I process any males, and if there are no males, I process females. My family uses the goats for milk and meat in a backyard situation. We only have 3 does and a wether and a buck. Some we sell.
I can't afford to have just pets...lol....everyone here has a job


----------



## Mikesell04 (Jan 26, 2014)

Ok thanks!! This is a little off subject but you really seem to know your stuff!! 
Do goats become incest (sp?) like.. You have the same billy for years, only one.. Then it become dad breeding daughters.. Or if you keep one billy.. It would be son breeding mom & sisters and so on and so on?? How does that work.. 
Is that when you would butcher a billy and buy a new billy?!?

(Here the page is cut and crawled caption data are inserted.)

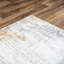 Tapis abstrait ivoire / gris / orange Janeil-1288015103
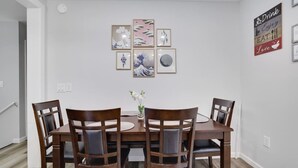Un comedor con mesa de madera y cuatro sillas, un florero con flores, y una pared con obras de arte enmarcadas y un cartel.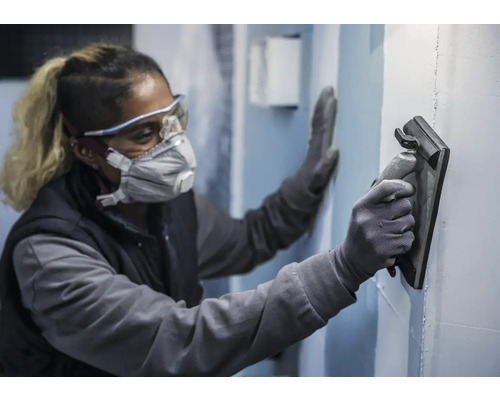 En person bär skyddsutrustning och slätar ut en vägg med ett glättningsverktyg.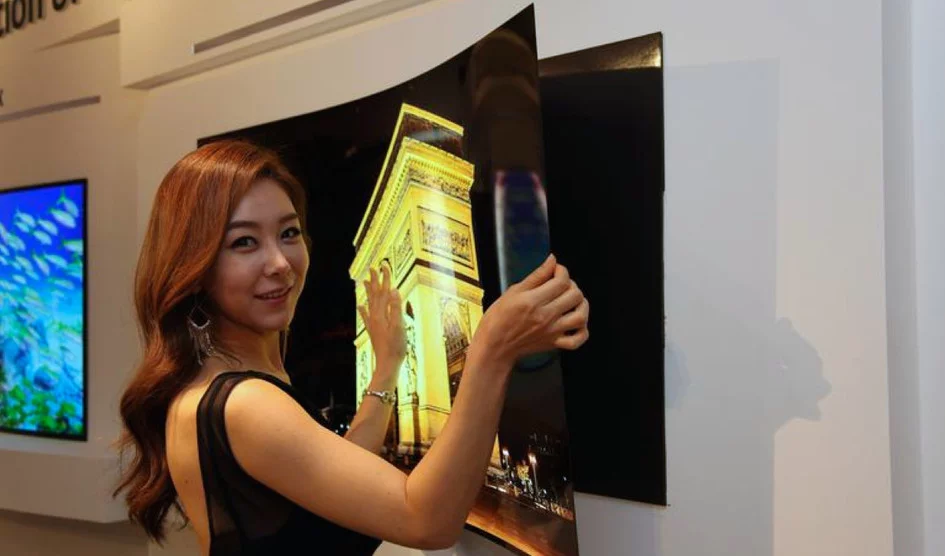 A model peels LG Display's "wallpaper OLED" panel from its magnetic mount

Sent from my iPhone using Goat Forum


----------



## Jessica84 (Oct 27, 2011)

My uncle said he ate a older buck when he was you and it was nasty so I wouldn't try that one. I have also yet to try goat but want to. My plan is to get it processed and get some ground and the rest in beef sticks....or goat lol. My husband had some made in deer and was good and I dislike deer. But I have this issue with waist and I figure the ground up we can try and if we don't like it the rest I can add into normal hamburger and the sticks have so much seasoning in it any type of animal would fast the same.


----------



## NyGoatMom (Jan 26, 2013)

Mikesell04 said:


> Ok thanks!! This is a little off subject but you really seem to know your stuff!!
> Do goats become incest (sp?) like.. You have the same billy for years, only one.. Then it become dad breeding daughters.. Or if you keep one billy.. It would be son breeding mom & sisters and so on and so on?? How does that work..
> Is that when you would butcher a billy and buy a new billy?!?
> 
> Sent from my iPhone using Goat Forum


Thanks but I am a newbie  I come here to TGS for advice all the time! I do not have any of my bucks daughters and all my does are unrelated too. I don't keep kids....but if I did, I would need a new buck,yes.


----------



## NyGoatMom (Jan 26, 2013)

I don't think I would eat my buck....too much bucky flavor


----------



## NyGoatMom (Jan 26, 2013)

Jessica84 said:


> My uncle said he ate a older buck when he was you and it was nasty so I wouldn't try that one. I have also yet to try goat but want to. My plan is to get it processed and get some ground and the rest in beef sticks....or goat lol. My husband had some made in deer and was good and I dislike deer. But I have this issue with waist and I figure the ground up we can try and if we don't like it the rest I can add into normal hamburger and the sticks have so much seasoning in it any type of animal would fast the same.


You'll like it


----------



## Mikesell04 (Jan 26, 2014)

Ok I get it  
Now here is my situation I bought all four my goat from one lady..
I don't know if they are related already??? The lady said no but she didn't want me to come pick them up she had to deliver them.. So really I have no idea?? What should I do?? 
Would it be a good idea to try and swap out my billy after these set of kids are born? I was planning on keeping some of the kids..
That's a great idea with the sticks!! I do like deer sticks, sausage, and jerkey!! So I bet any of that would be good too.. And I'm sure I would like it ground too..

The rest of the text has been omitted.